C’est, suivant eux, une allusion évidente à la descente de Charles V sur les côtes de Barbarie. On voit qu’avec de tels arguments, il ne serait pas difficile de trouver dans Don Quichotte le portrait de tous les rois passés et à venir.

D’autres ont pensé que Cervantes n’avait pas osé se jouer à la mémoire d’un aussi grand monarque, et qu’il avait seulement en vue de jeter du ridicule sur le duc de Lerma et les actes de son ministère.
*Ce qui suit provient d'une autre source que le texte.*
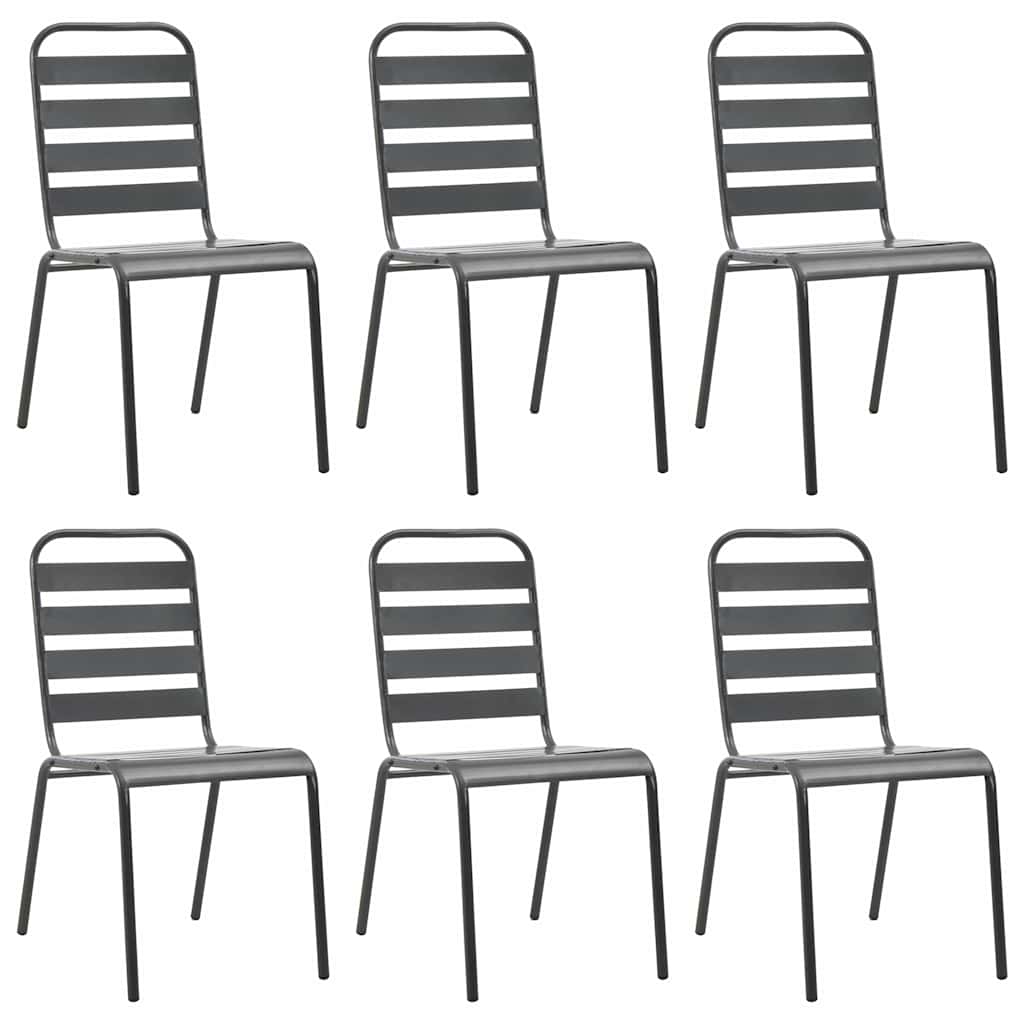 vidaXL 7 Piece Garden Dining Set Steel Dark Grey 6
Ils s’appuyent surtout sur une ressemblance qu’ils disent frappante, entre les traits que Cervantes donne à son héros, et ceux du ministre de Philippe III. Maintenant, il est assez difficile de contredire une assertion semblable : cependant ceux qui ont cru devoir combattre sérieusement cette supposition, font remarquer que Cervantes reçut une pension du comte de Lemos, ami connu du duc de Lerma, et qu’il n’aurait pas osé dédier à ce seigneur un ouvrage décidément dirigé contre son ami. Enfin ils rappellent que le duc de Lerma était, de son naturel, assez clairvoyant, et ennemi des critiques ; et qu’il aurait, sans doute, envoyé l’auteur de la satire travailler à sa seconde partie dans quelque présidio éloigné. Les deux opinions que je viens de rapporter ont encore des partisans en Espagne.